==== Records provided

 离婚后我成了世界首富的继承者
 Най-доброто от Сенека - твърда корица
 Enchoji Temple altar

========
==== Records provided

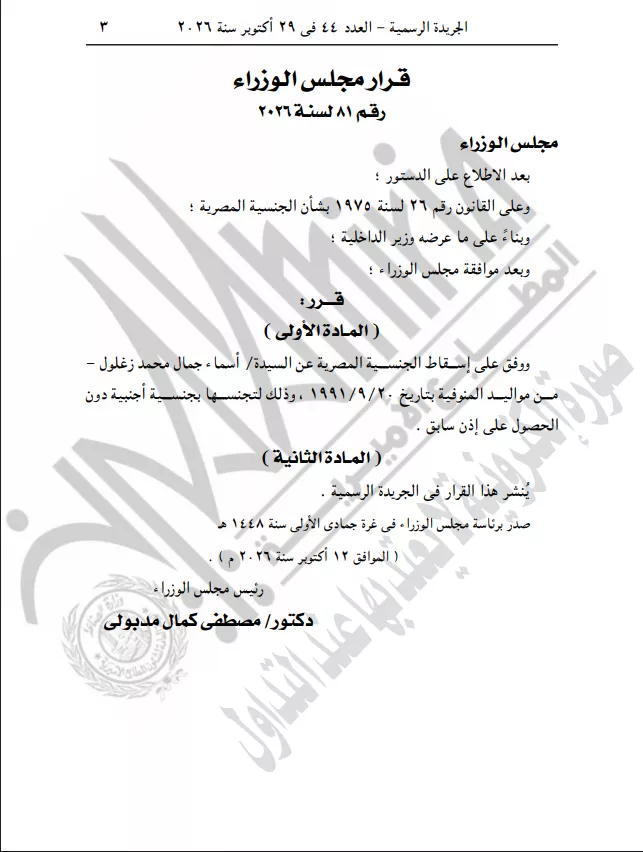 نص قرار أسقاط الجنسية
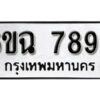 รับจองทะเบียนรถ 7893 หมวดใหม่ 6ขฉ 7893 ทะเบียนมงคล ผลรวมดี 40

========
==== Records provided

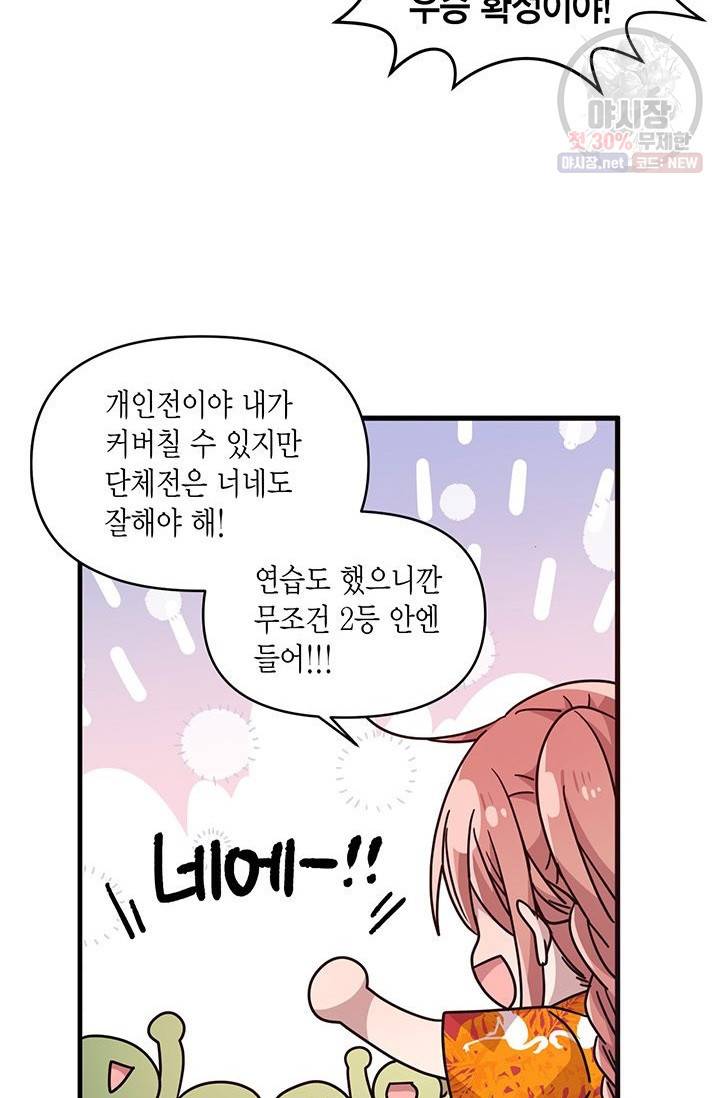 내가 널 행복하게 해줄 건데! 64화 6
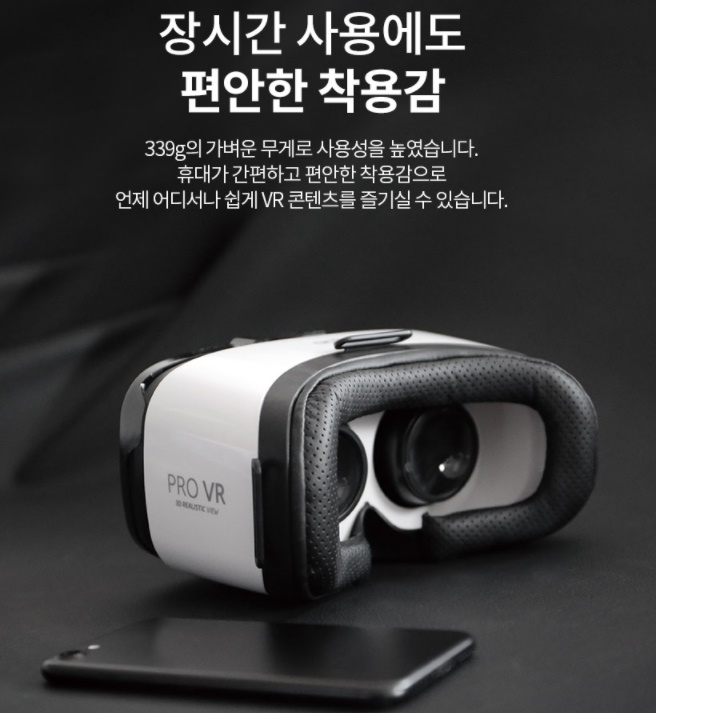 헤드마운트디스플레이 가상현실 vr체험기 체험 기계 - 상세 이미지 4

========

**Exercise objective**. Output exactly the lines above, beginning at the one with "내가 널 행복하게 해줄 건데! 64화 6" and stopping after the one with "헤드마운트디스플레이 가상현실 vr체험기 체험 기계 - 상세 이미지 4". Pictures are to be omitted.

**Written response**.
 내가 널 행복하게 해줄 건데! 64화 6
 헤드마운트디스플레이 가상현실 vr체험기 체험 기계 - 상세 이미지 4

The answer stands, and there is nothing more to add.